Assigned task: Once you reach the line containing "Alfi Robinsar Turun", reproduce it and every later line exactly, through the end of the data.

---------------

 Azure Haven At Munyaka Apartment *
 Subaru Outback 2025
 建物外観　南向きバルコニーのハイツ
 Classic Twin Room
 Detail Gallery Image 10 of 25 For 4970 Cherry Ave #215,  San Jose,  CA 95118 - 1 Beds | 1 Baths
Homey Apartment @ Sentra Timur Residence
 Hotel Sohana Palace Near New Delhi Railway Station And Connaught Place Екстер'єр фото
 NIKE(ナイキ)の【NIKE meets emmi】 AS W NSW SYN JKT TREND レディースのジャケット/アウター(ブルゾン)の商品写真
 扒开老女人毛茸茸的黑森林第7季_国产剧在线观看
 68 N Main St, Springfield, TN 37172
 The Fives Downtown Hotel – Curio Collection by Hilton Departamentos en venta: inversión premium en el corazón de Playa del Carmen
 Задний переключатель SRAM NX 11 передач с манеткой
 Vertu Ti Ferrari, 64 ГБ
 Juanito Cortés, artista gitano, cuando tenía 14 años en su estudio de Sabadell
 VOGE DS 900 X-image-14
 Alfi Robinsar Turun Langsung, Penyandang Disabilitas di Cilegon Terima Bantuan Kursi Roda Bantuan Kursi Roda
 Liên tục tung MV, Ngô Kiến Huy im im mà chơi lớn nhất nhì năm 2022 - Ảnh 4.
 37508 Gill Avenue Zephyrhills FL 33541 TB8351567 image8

---------------

Task solution:
 Alfi Robinsar Turun Langsung, Penyandang Disabilitas di Cilegon Terima Bantuan Kursi Roda Bantuan Kursi Roda
 Liên tục tung MV, Ngô Kiến Huy im im mà chơi lớn nhất nhì năm 2022 - Ảnh 4.
 37508 Gill Avenue Zephyrhills FL 33541 TB8351567 image8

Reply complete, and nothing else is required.